(Problem requirements):
When a line of the records below contains the string "with", copy that whole line.

(Material provided):
--------

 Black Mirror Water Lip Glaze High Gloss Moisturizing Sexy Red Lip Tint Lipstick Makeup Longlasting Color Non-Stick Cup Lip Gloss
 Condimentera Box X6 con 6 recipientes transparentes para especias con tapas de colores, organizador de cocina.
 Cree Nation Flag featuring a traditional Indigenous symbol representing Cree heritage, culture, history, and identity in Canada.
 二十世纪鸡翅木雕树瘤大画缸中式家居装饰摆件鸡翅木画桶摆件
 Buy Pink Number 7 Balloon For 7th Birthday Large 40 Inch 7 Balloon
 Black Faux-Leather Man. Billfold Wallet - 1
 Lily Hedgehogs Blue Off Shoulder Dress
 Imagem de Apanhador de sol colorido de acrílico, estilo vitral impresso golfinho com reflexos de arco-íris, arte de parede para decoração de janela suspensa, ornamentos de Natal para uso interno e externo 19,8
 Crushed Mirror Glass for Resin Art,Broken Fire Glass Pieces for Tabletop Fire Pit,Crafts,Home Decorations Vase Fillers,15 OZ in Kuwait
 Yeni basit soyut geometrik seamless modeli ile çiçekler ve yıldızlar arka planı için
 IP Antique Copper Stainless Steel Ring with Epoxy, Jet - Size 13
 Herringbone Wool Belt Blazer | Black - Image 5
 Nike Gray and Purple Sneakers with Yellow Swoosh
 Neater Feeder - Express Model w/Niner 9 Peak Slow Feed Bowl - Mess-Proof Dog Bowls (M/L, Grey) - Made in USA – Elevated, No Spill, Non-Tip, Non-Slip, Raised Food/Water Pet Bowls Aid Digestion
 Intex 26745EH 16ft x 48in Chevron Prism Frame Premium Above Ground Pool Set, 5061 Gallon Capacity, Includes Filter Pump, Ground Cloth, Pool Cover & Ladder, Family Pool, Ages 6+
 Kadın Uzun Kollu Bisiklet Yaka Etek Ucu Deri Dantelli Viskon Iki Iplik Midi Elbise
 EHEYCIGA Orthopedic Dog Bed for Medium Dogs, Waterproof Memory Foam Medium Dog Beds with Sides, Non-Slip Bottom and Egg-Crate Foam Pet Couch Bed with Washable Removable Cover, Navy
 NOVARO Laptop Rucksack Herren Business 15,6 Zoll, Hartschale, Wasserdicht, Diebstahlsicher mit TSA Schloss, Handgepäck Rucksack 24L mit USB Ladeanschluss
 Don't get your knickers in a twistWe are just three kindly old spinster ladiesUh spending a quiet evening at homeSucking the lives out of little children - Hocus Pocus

--------

(Written response):
 IP Antique Copper Stainless Steel Ring with Epoxy, Jet - Size 13
 Nike Gray and Purple Sneakers with Yellow Swoosh
 EHEYCIGA Orthopedic Dog Bed for Medium Dogs, Waterproof Memory Foam Medium Dog Beds with Sides, Non-Slip Bottom and Egg-Crate Foam Pet Couch Bed with Washable Removable Cover, Navy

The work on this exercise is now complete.